The Trinamool leader, for her part, does not confine gifts and favours to loyalists. At Puja, each year, several journalists receive outfits — Fab India kurtas, saris, etc. — from Didi, who always seems to know who favours what kind of dress, and sometimes rings up to ask if she got preferences right.

On the other hand, she does not intervene when her supporters physically attack and prevent journalists from Chobbish Ganta or Akash Bangla from functioning. Last year she filed an attempt to murder complaint against a woman reporter from the 24 Ghanta channel. But she is not the only political leader in the state to demonstrate contempt for journalists.

Finance Minister Pranab Mukherjee has been known to twist the ear of a photo-journalist, and Chief Minister Buddhadeb Bhattacharya has been known to insult a senior journalist by calling him a rat. It is a charming state to function in, for a scribe. And it does not help that when one journalist is assaulted or insulted, others watch as spectators.

Everyone's guilty

The Left Front government, on its part, has been known to detain journalists attempting to do their job in Jangal Mahal at times of siege.
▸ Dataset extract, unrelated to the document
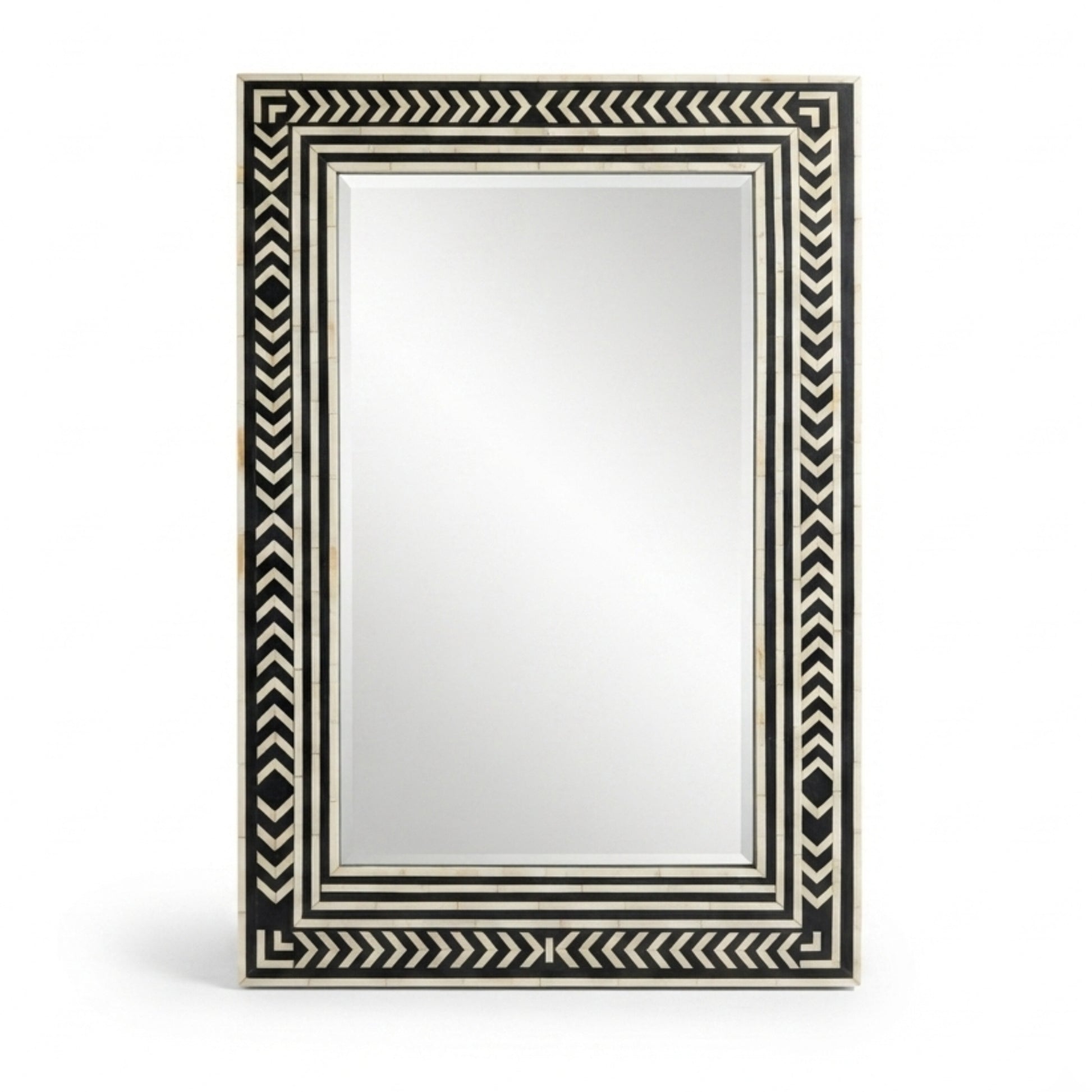 Handmade Black and White Bone Inlay Rectangle Wall Mirror with Chevron Pattern Frame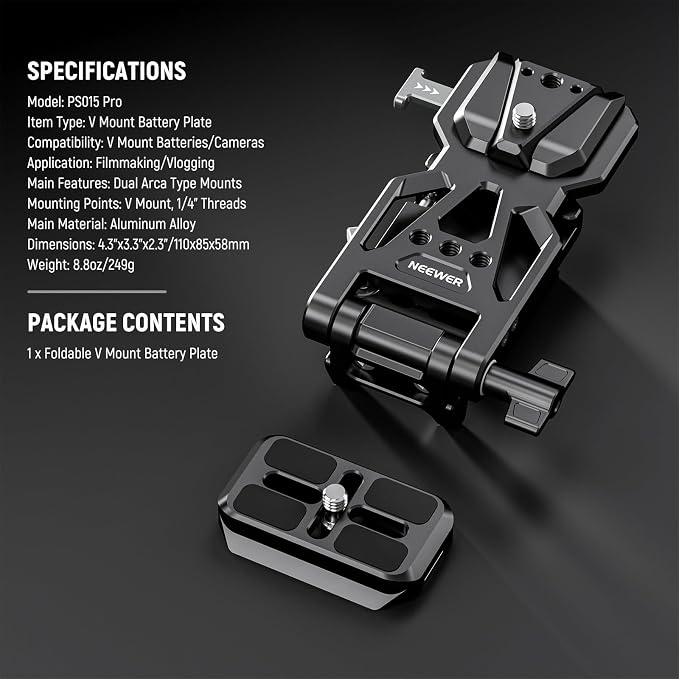 NEEWER Foldable V Mount Battery Plate with Arca Type Baseplate, PS015 PRO | Quick Release Camera Base Plate, Lightweight DSLR Video Rig, Compatible with SmallRig V Mount Battery Cage DJI RS4 RS3 Gimbal - Image 9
A senior police officer, briefing during an encounter, snapped at a senior scribe, asking which side of the war zone he was on! The Sahara Samay Chief of Bureau Saadia Azim described last year how both leading political parties make it difficult for journalists not seen as friendly to ask questions at a press conference. There is so much intimidation, that a follow up question requires considerable courage. Another journalist, Sankar Ray, described in 2009 how CPM cadres in the districts attack journalists, citing instances of attacks on reporters of Sangbad Pratidin, Aaj Kal, the Dainik Statesman and The Hindu.

It is not surprising then, that this is a state where the media chooses whom to cover, and the politician chooses whom to talk to. On April 18, during polling, a Kolkata TV reporter tried to get a sound byte from RSP politician Biswanath Choudhury, Minister for Prisons in the Left Front government. Which channel, asked the Minister. Kolkata TV, said the reporter. And prompt came the reply, “Tomar shongey to kothai bolbona”. (With you I will not speak at all). Wrong alignment, as far as he was concerned.